Material for this task.
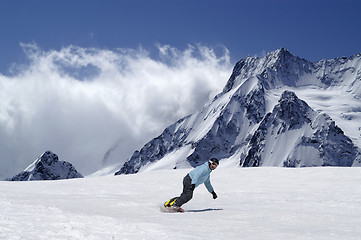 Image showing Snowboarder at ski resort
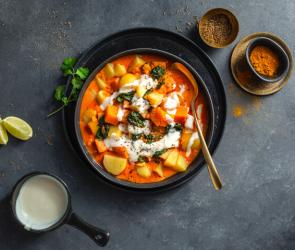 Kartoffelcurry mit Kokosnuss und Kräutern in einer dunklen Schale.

...

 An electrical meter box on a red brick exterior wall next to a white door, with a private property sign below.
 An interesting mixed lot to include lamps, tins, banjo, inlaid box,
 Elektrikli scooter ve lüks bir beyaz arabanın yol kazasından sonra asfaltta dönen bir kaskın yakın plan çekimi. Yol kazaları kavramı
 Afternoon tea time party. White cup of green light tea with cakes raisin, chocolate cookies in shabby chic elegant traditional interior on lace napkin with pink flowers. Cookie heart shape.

What you have to do. Where a line of the records contains the word "with", copy that line.

Response below.
 An electrical meter box on a red brick exterior wall next to a white door, with a private property sign below.
 Afternoon tea time party. White cup of green light tea with cakes raisin, chocolate cookies in shabby chic elegant traditional interior on lace napkin with pink flowers. Cookie heart shape.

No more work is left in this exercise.